- **YOUR TASK**
From the material below, set down exactly the lines that run from the one containing "Grill belegt mit leckerem" to the one containing "Bathroom, Interior, Recessed Lighting", minus the pictures.

- **THE INPUT**

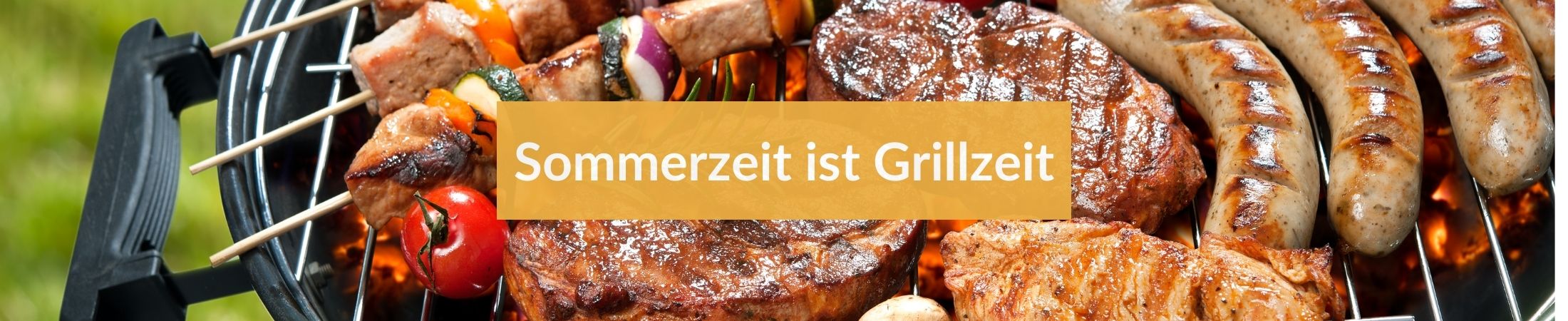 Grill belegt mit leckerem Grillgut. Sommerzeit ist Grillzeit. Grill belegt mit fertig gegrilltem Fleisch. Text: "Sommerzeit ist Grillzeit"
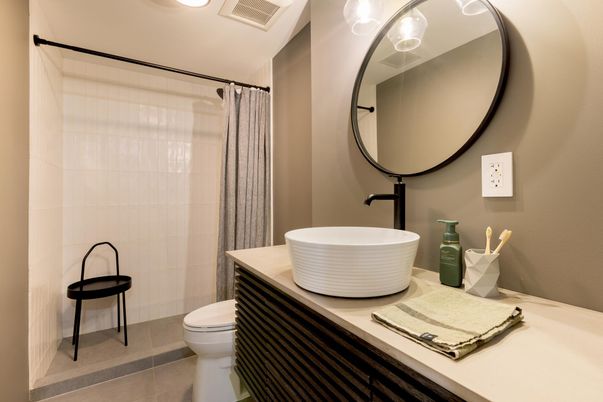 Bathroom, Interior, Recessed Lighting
* * *
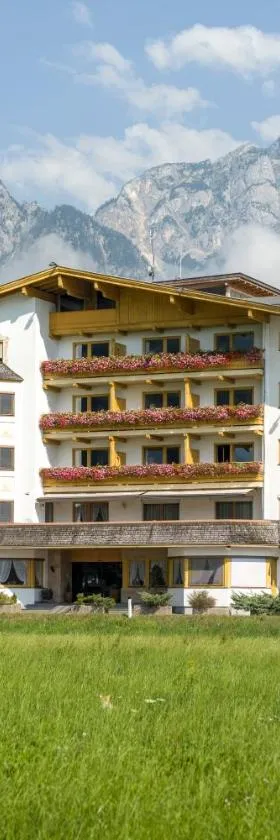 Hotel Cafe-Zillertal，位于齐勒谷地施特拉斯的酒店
--
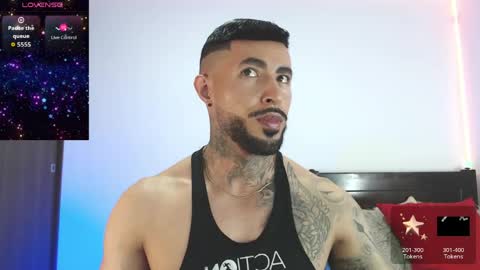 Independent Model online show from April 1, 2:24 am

- **RESPONSE TO THIS EXERCISE**
 Grill belegt mit leckerem Grillgut. Sommerzeit ist Grillzeit. Grill belegt mit fertig gegrilltem Fleisch. Text: "Sommerzeit ist Grillzeit"
 Bathroom, Interior, Recessed Lighting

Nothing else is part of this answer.